Burgemeester en wethouders zijn bevoegd nadere eisen te stellen aan de situering, de goot- en bouwhoogte van bijgebouwen, aan- en uitbouwen en overkappingen, ter waarborging van de bezonning, privacy en/of gebruiksmogelijkheden van aangrenzende percelen.

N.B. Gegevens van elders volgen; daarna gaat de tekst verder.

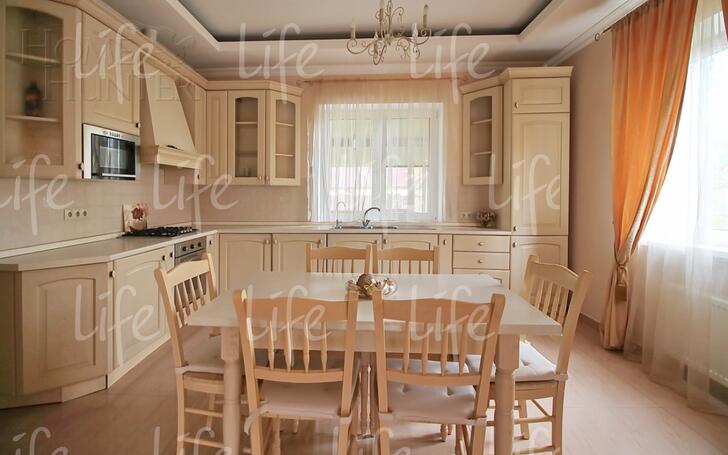 2-этажный коттедж 300 м² с отделкой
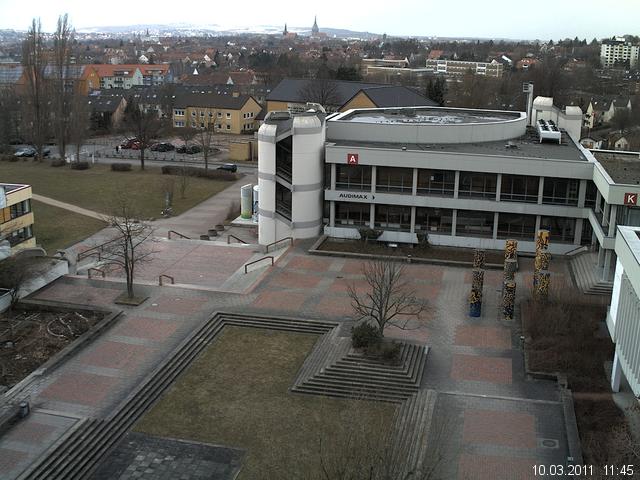 Foto der Webcam: Verwaltungsgeb&auml;ude, Innenhof mit Audimax, H&ouml;rsaal-Geb&auml;ude 1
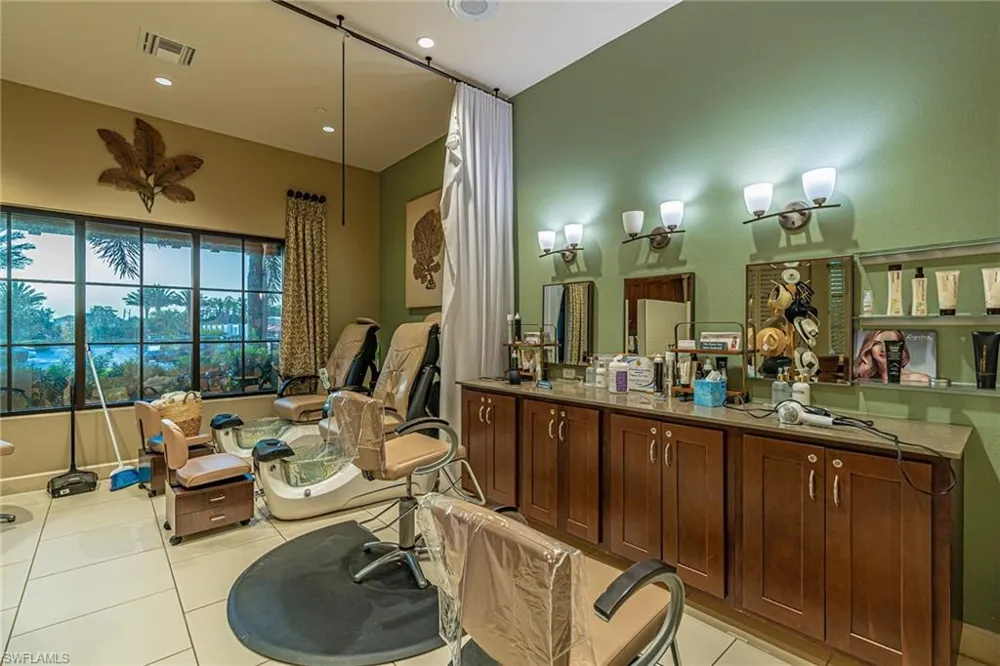 9419 Benvenuto Court #204 Naples, FL 34119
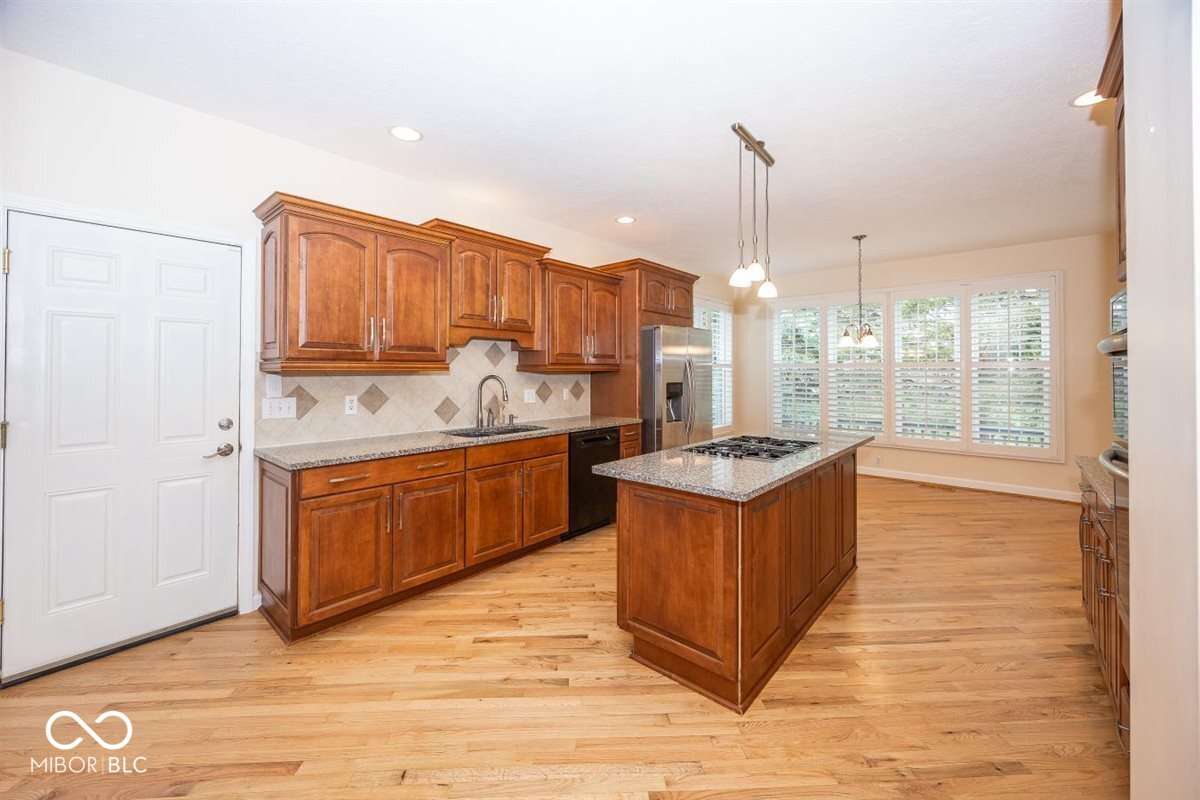 11368 Royal Circle Carmel, IN 46032 - Photo 10 of 35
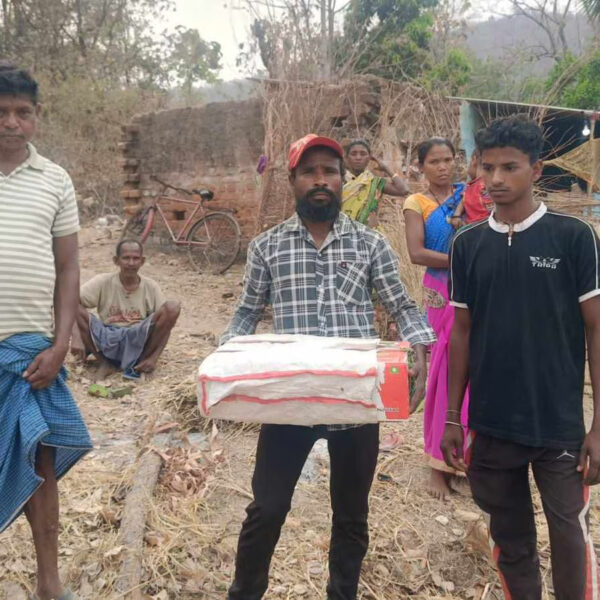 A tribal man in Jharkhand carried his newborn's body in a cardboard box from a hospital after no ambulance or mortuary vehicle was arranged for him.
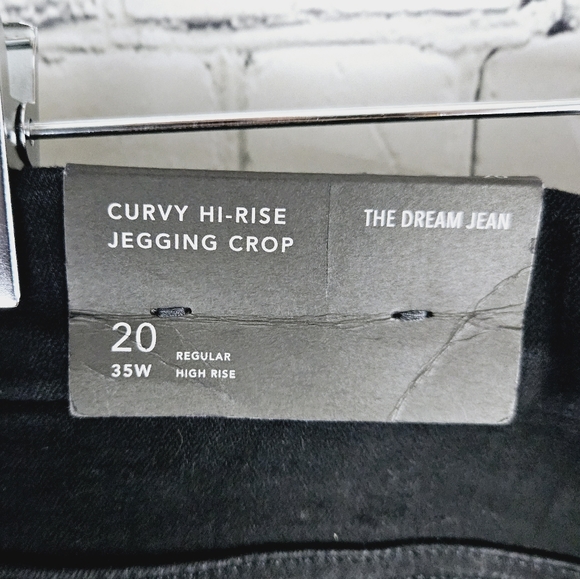 AMERICAN EAGLE | The Dream Jean curvy high rise jegging crop - Picture 7 of 11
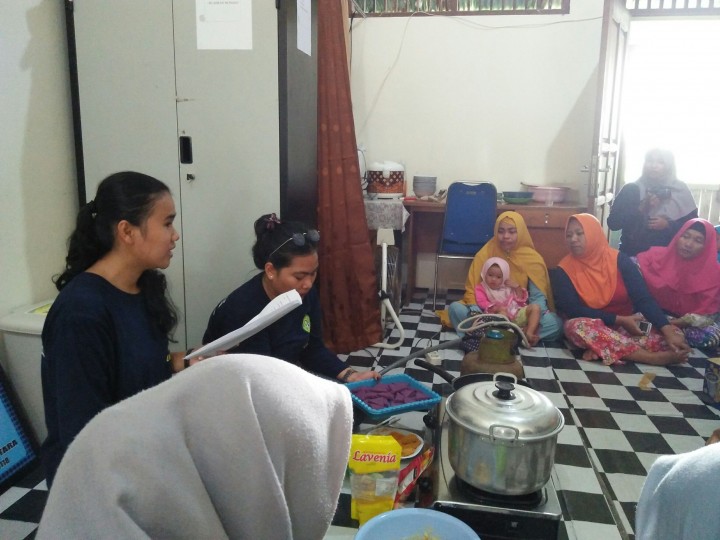 Pengolahan Hasil Kebun Berupa Singkong dan Ubi Ungu Menjadi Makanan Modern (Nugget) Bersama Ibu PKK Kelurahan Budaya Pampang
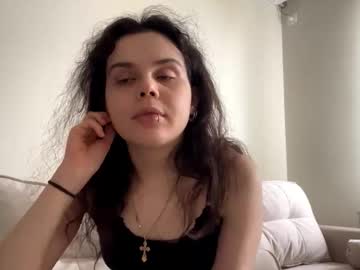 Carolannheintz November 09, 2025 Chaturbate stream image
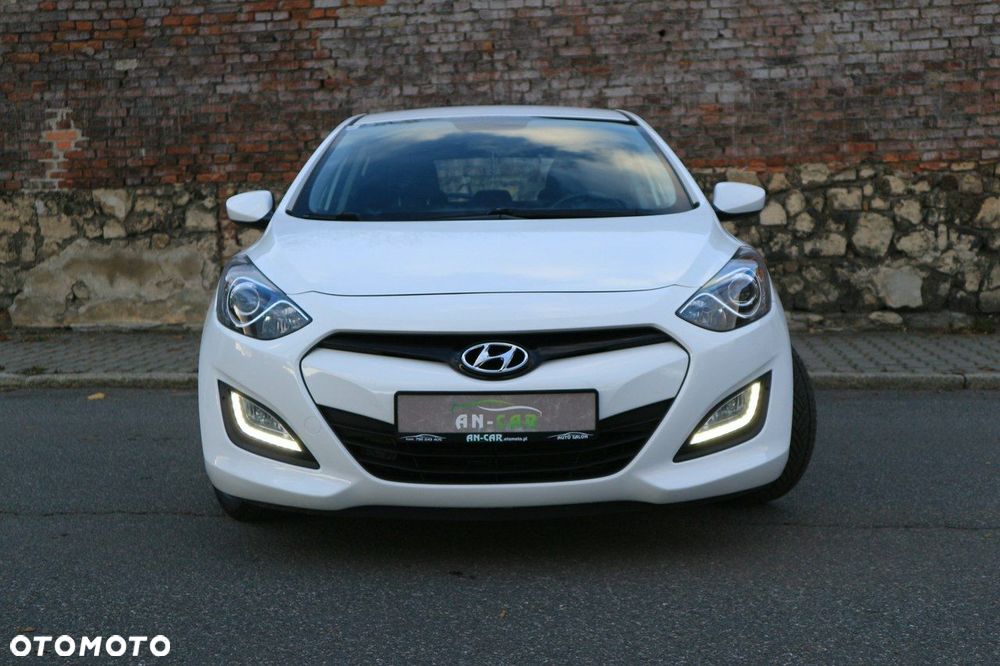 Hyundai i30 1.4 Fifa World Cup Edition - 24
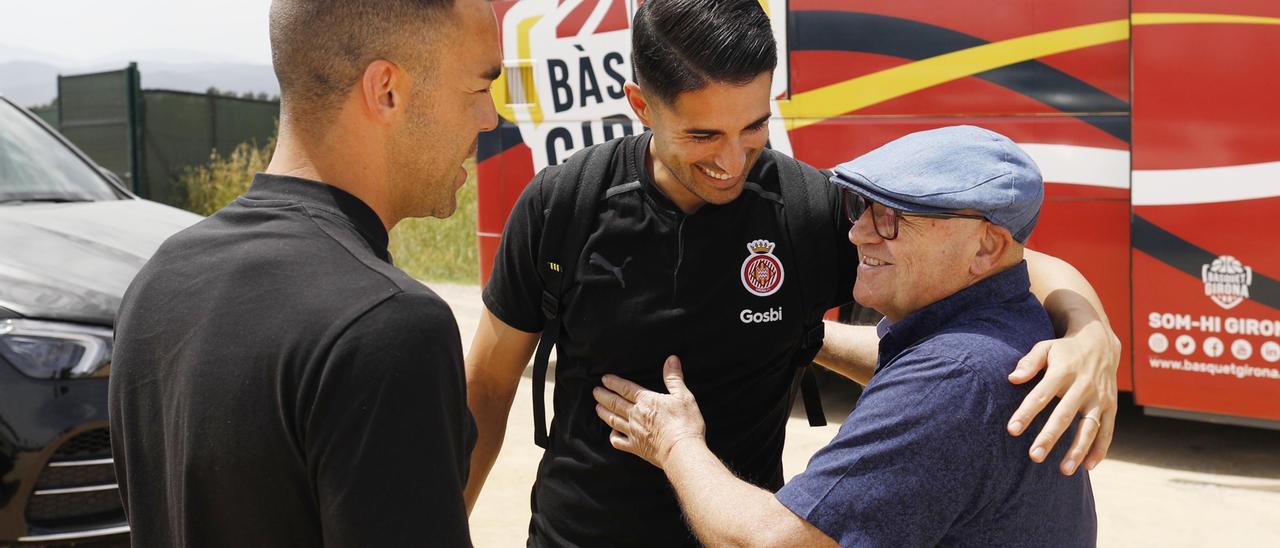 Juan Carlos i Juanpe s&#039;acomiaden a La Vinya abans de marxar cap a Eibar.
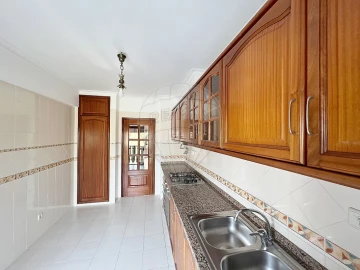 Apartamento T3 para Venda em Carregado e Cadafais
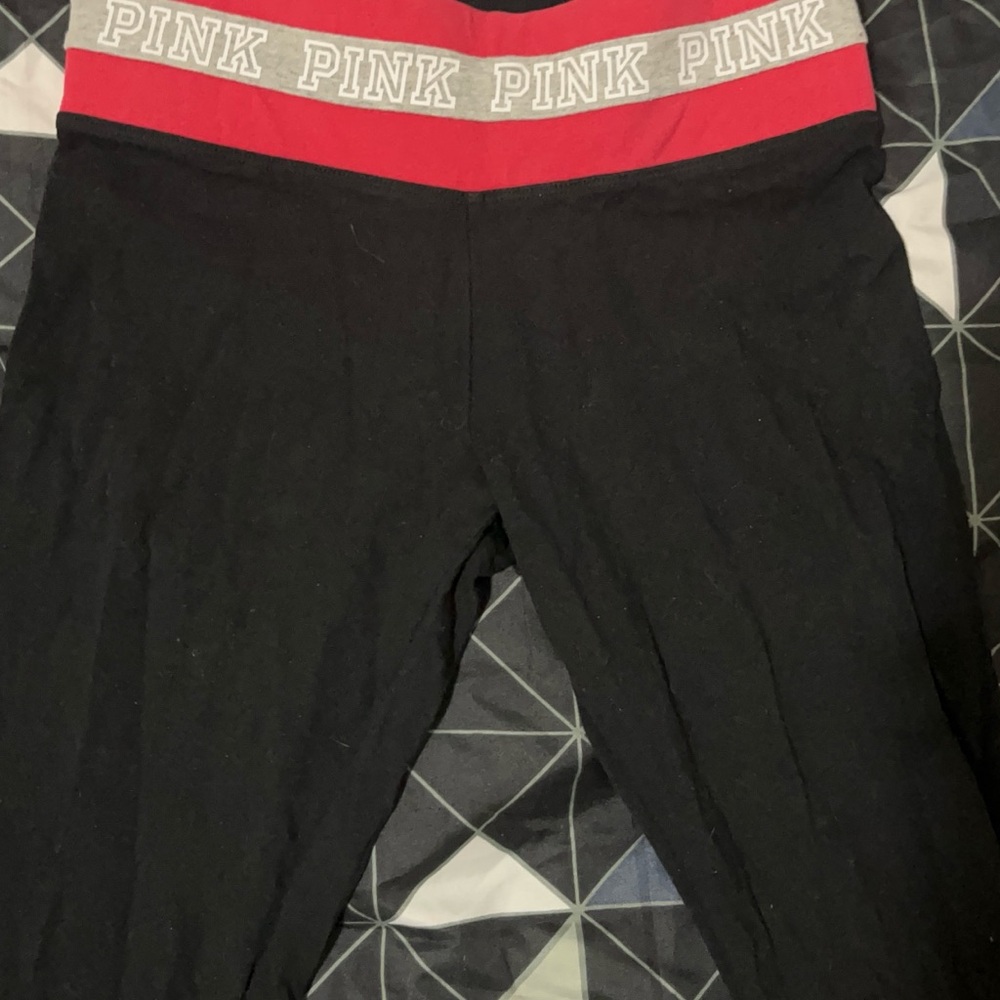 Black Leggings with Reddish Waistband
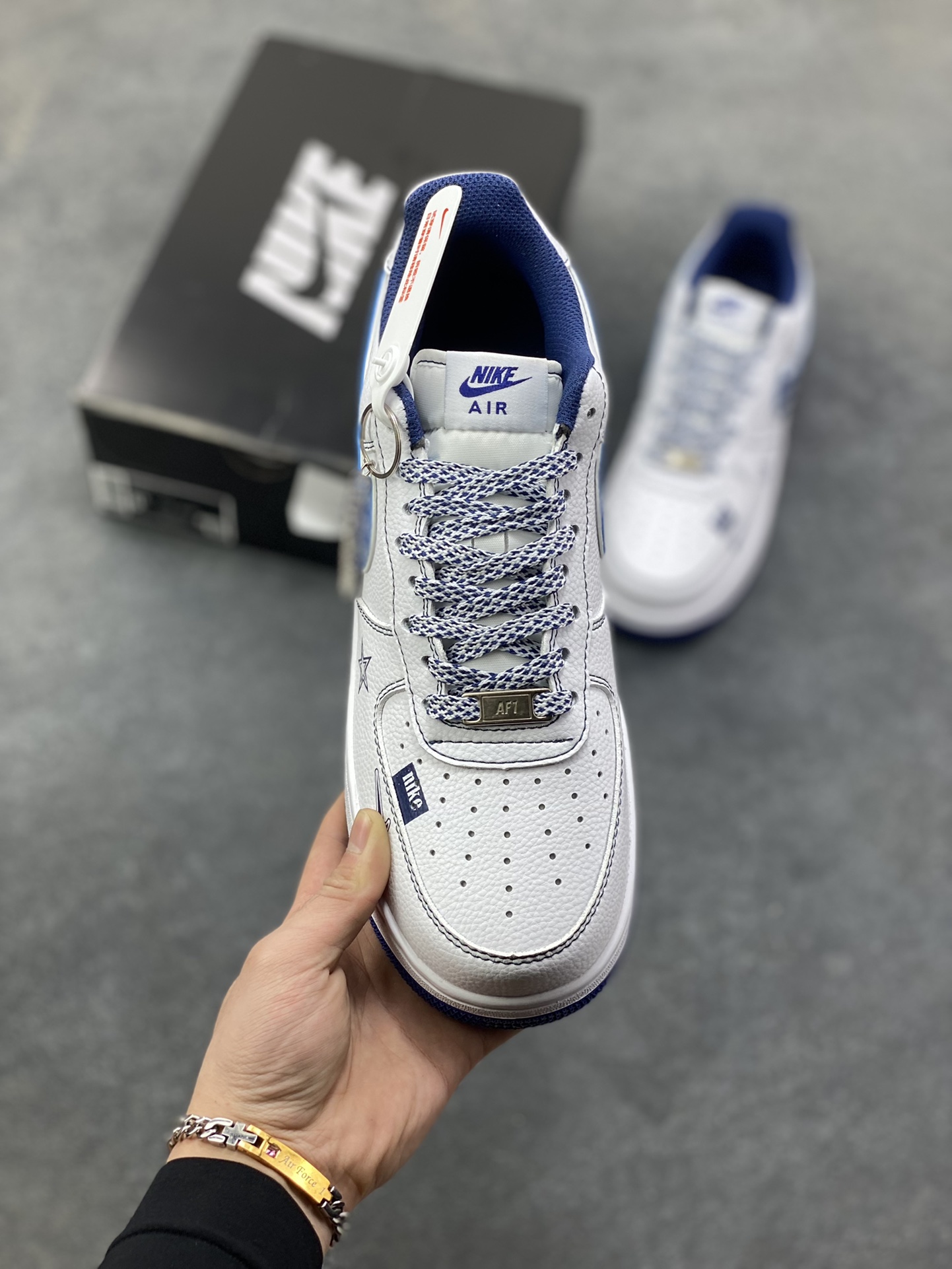 图片[2]-NIke Air Force 1 ‘07 Low “Supreme联名——白蓝五星”空军一号 低帮 运动鞋 休闲鞋 折边针车 工艺难度大 原楦头原纸板 原装鞋盒 定制五金配件 内置全掌气垫 原厂鞋底 货号：XZ6188-151 尺码：36 36.5 37.5 38 38.5 39 40 40.5 41 42 42.5 43 44 44.5 45-选品中心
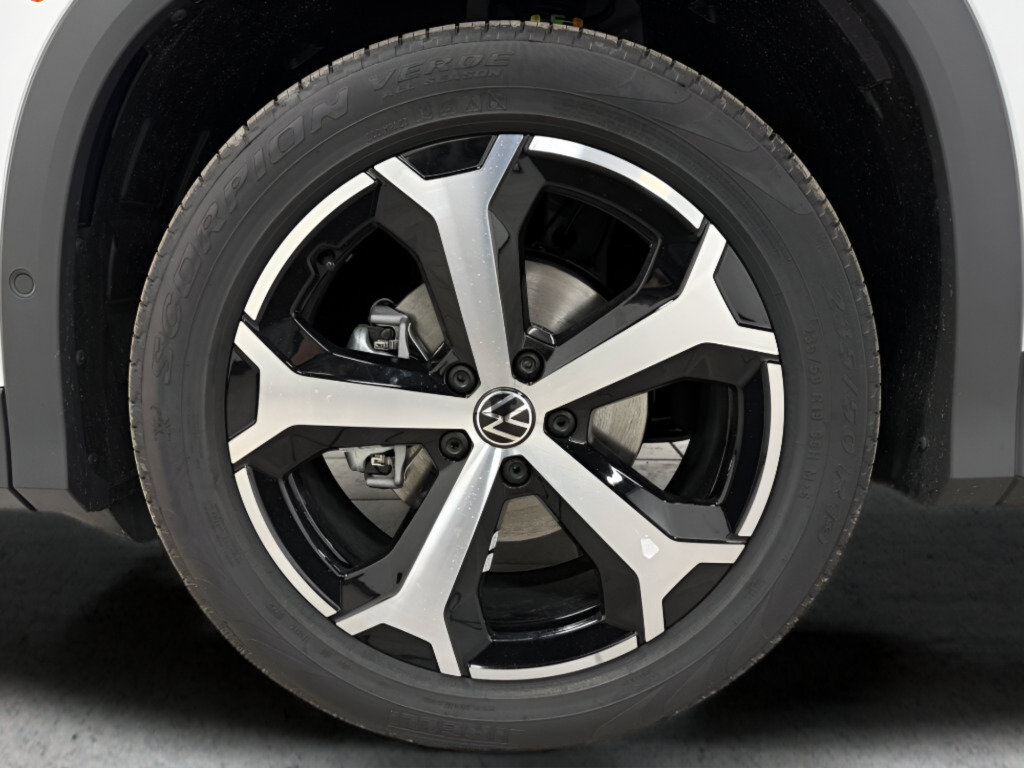 New 2026 Volkswagen Tiguan SE FWD image 18
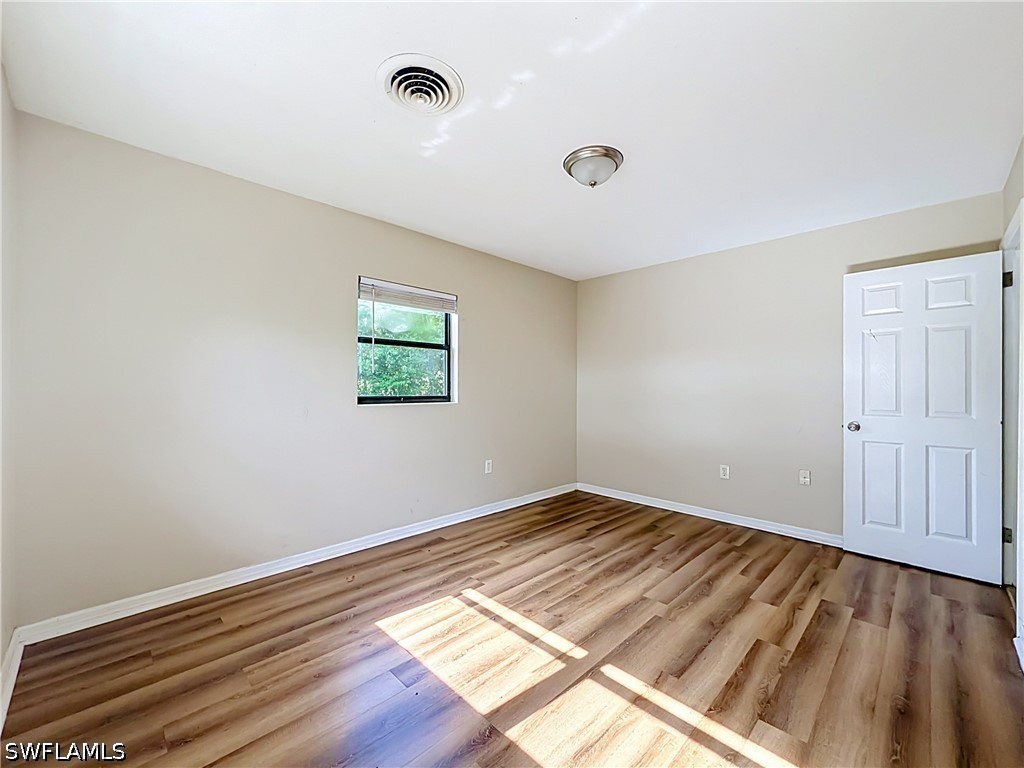 4 Bed SingleFamilyResidence for Sale in Not Applicable, photo 15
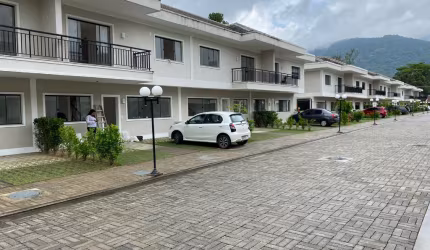 Linda Casa 4 suítes em Condomínio Fechado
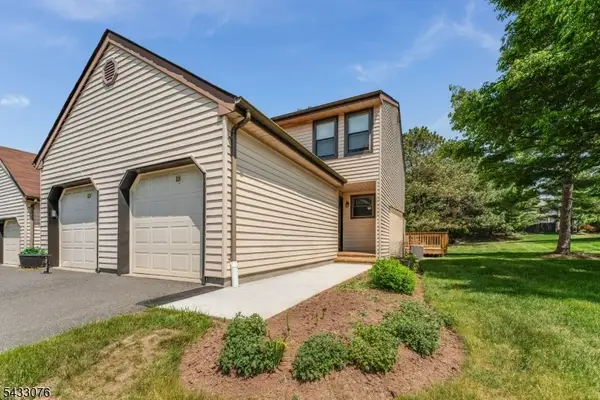 130 Locust Ct, Raritan Twp., NJ 08822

5.4 Specifieke gebruiksregels
5.4.1 Beroep aan huis

In of bij een woning is de uitoefening van een beroep aan huis toegestaan, met inachtneming van de volgende regels:

  • a. de voor de beroepsuitoefening te gebruiken vloeroppervlakte mag niet meer dan 30 % van de totale vloeroppervlakte met een maximum van 50 m² per woning bedragen;
  • b. er mag geen onevenredige afbreuk aan de woonfunctie worden gedaan;
  • c. detailhandel en horeca zijn niet toegestaan;
  • d. er mag geen onevenredige milieu- of verkeershinder ontstaan;
  • e. het beroep moet worden uitgeoefend door de bewoner van het betreffende perceel;
  • f. de activiteiten mogen niet vergunning- of meldingplichtig zijn op grond van de Wet milieubeheer.
5.4.2 Bedrijf aan huis

In of bij een woning is de vestiging van een bedrijf aan huis toegestaan, met inachtneming van de volgende regels:

  • a. uitsluitend bedrijfsactiviteiten, behorende tot categorie A van de Staat van Bedrijfsactiviteiten functiemenging (zie Bijlage 1 Staat van bedrijfsactiviteiten) zijn toegestaan;
  • b. de index voor verkeersaantrekkende werking in de Richtafstandenlijsten voor milieubelastende activiteiten mag niet hoger zijn dan 1P of 1G (potentieel geringe verkeersaantrekende werking voor personen- en goederenvervoer);
  • c. horeca- of detailhandelsactiviteiten zijn niet toegestaan;
  • d. een seksinrichting, porno- of escortbedrijf is niet toegestaan;
  • e. de gezamenlijke brutovloeroppervlakte ten behoeve van een bedrijf aan huis, in voorkomend geval samen met de brutovloeroppervlakte bedoeld voor beroep aan huis (zie 5.4.1) mag niet meer bedragen dan 30% van de totale brutovloeroppervlakte van de betreffende woning en de daarbij behorende aan- en uitbouwen en bijgebouwen, met een maximum van 50 m²;
  • f. op erven en tuinen is buitenopslag van goederen ten behoeve van het bedrijf niet toegestaan;
  • g. het bedrijf mag niet leiden tot vergroting van de parkeerdruk, tenzij hierin op eigen terrein volledig kan worden voorzien;
  • h. vanwege de bedrijfsactiviteiten mogen geen parkeerplaatsen op eigen terrein verloren gaan;
  • i. behoudens vervoersbewegingen mogen geen bedrijfsactiviteiten in de openbare ruimte rond de betreffende woning plaatsvinden;
  • j. de bedrijfsactiviteit moet hoofdzakelijk inpandig plaatsvinden;
  • k. het aanbrengen van reclamevoorwerpen (zoals lichtbakken) is niet toegestaan, met uitzondering van een naambordje van ten hoogste 0,16 m² (40x40 cm);
  • l. de bedrijfsactiviteit mag slechts worden uitgevoerd door de bewoner(s) van de woning;
  • m. de omvang van de voor de woonfunctie beschikbaar blijvende bergruimte moet voldoen aan het Bouwbesluit 2003.